Transparency tools are possible
If we had strong transparency tools, a lot of suggested concrete avenues would open for alignment work: we could provide better feedback to our models, verify their inner alignment (in particular, prevent deception) and audit (see Automated Auditing [AF · GW]) them for robustness failures. If we have a chance at getting better at these techniques, concrete research in this direction involving current models is very valuable.
Neglectedness
One could argue that this would be done by industry anyways, as they have a clear incentive to make their models more useful.
Ajeya counters that while there is related work, it is not exactly aimed at solving alignment in the long-term. (So for example they would not evaluate their approaches through sandwiching, or would cut corners and choose hacky solutions instead of general ones.)
In addition, pushing for more human-feedback research could, by setting a precedent and demonstrating that some approaches work:
- Speed up the field, and make industry perhaps more focused on aligning their solutions (since there are demonstrated solutions)
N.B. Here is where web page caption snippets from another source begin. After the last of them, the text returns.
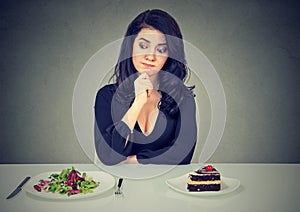 Dieting concept, woman choosing between healthy food and tasty cake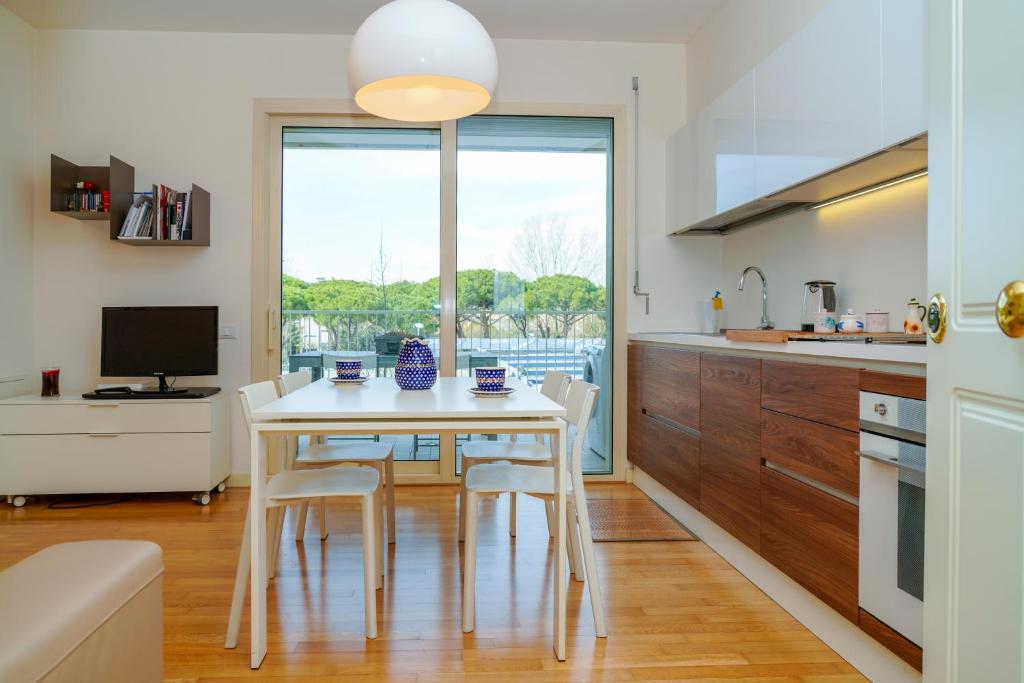 cocina con mesa, sillas y ventana en Appartamento Il Castello en Rímini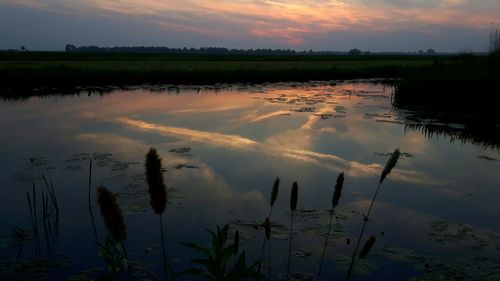 Scenic view of lake against sky during sunset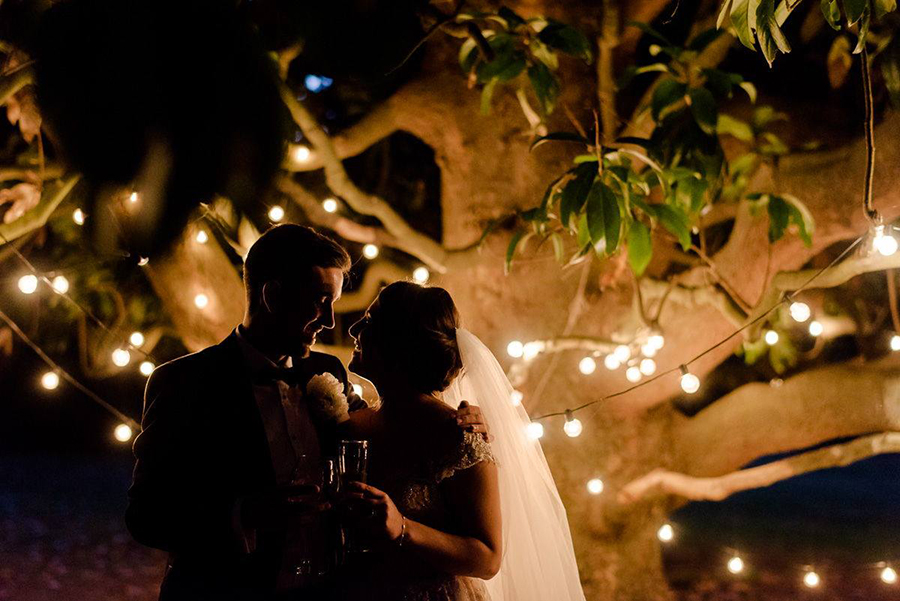 a beautiful couple with the stringlights in tuscany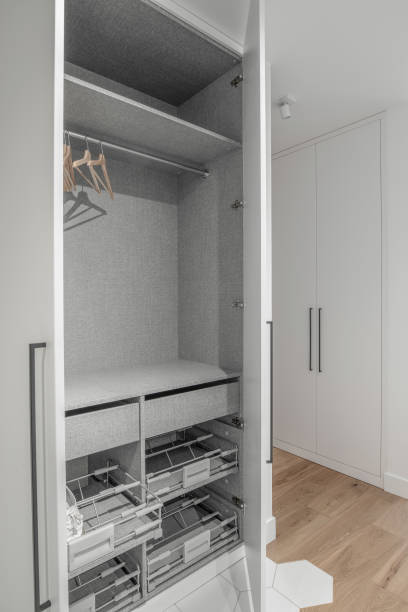 istock New empty modern closet wardrobe shelves by grey finish  material and opened doors. Closet with hangers and rail rack 1333433650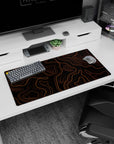 Modern 32x16 inches mouse pad featuring orange topographic contours, blending bold orange lines with a sleek black backdrop for an eye-catching design.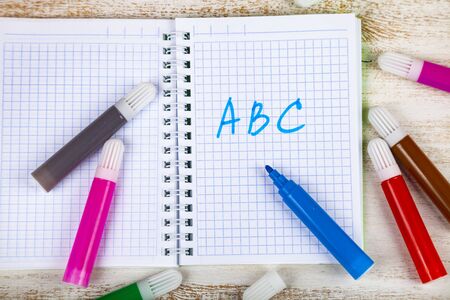 Back to school. Colored felt-tip pens and notebook on blue wooden background.の写真素材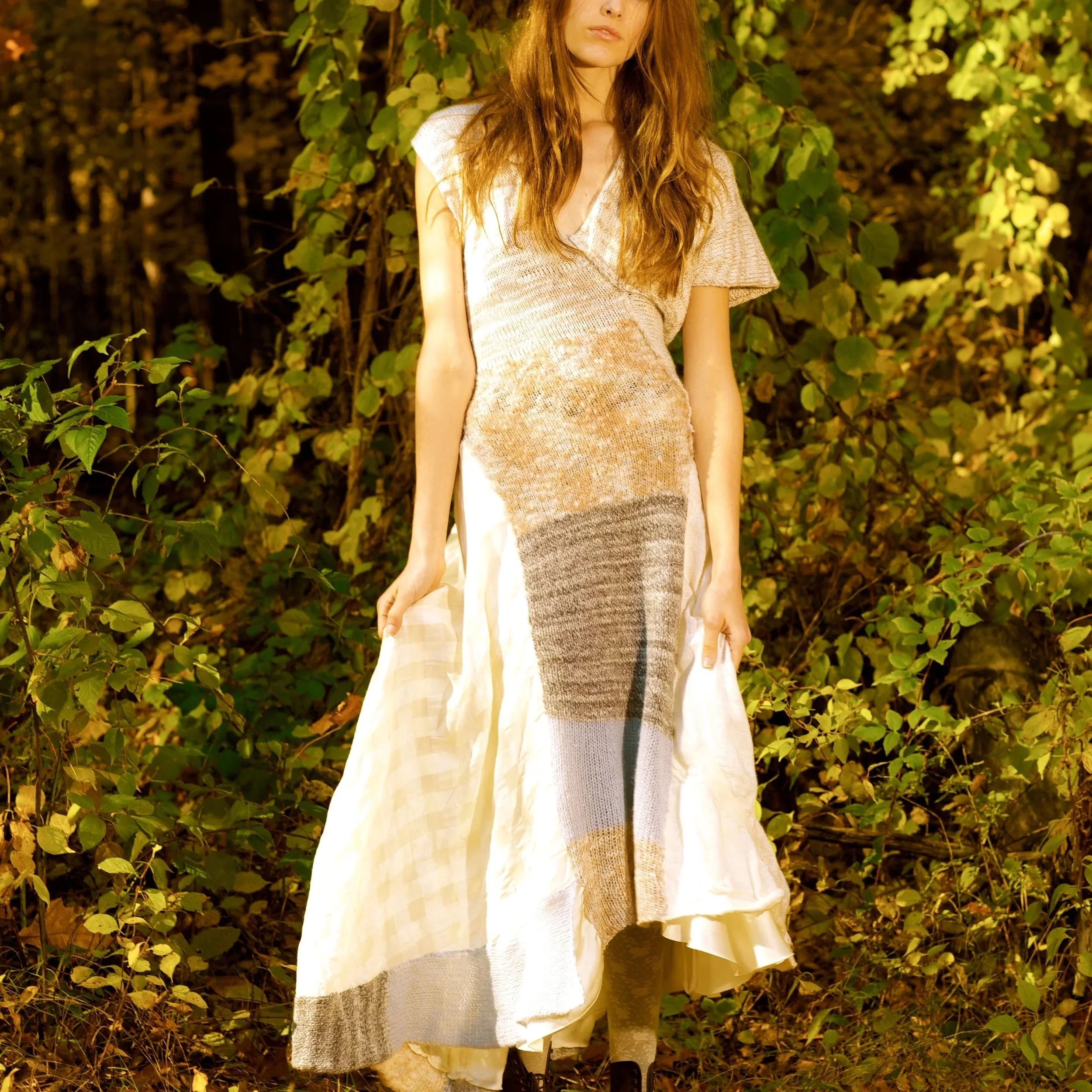 A woman standing outdoors in front of green foliage, wearing a long hand kit dress with a printed pattern resembling abstract art, and holding the sides of her dress.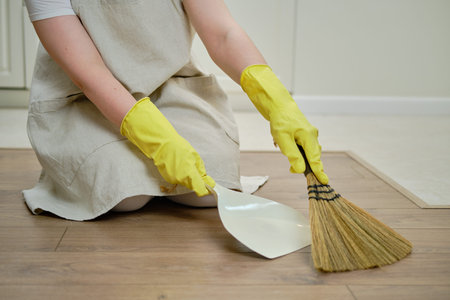 A woman sweeps the floor with a broom when cleaning the home kitchen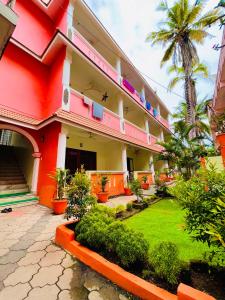 a building with a garden in front of it at Moon Valley Cottage in Kovalam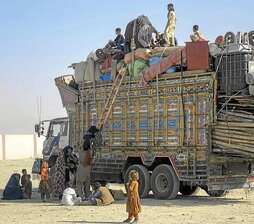 Refugiados afganos suben en Chaman a un camión con sus pertenencias para ser deportados.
- Cheap alignment solutions can also allow smaller labs to start work in a similar area
- Set the norms in the field, setting “good practices” (e.g. everyone has to align their models)
Open-ended alignment research vs evaluating concrete proposals
It has been suggested that we could instead evaluate concrete conceptual proposals, such as ascription universality, automated auditing, making models more honest, HCH or Debate.
To the extent that these proposals are already implementable, they indeed seem like very good proposals for “aligning narrowly superhuman models”. However, it might be the case, that these proposals are hard to implement precisely without direct guidance from a conceptual researcher like Paul Christiano.
It also strikes me as a strong argument, that conceptual work can benefit from trying out things in practice, and we might discover new approaches previously not considered. (Thus allowing more open-ended exploration makes sense.)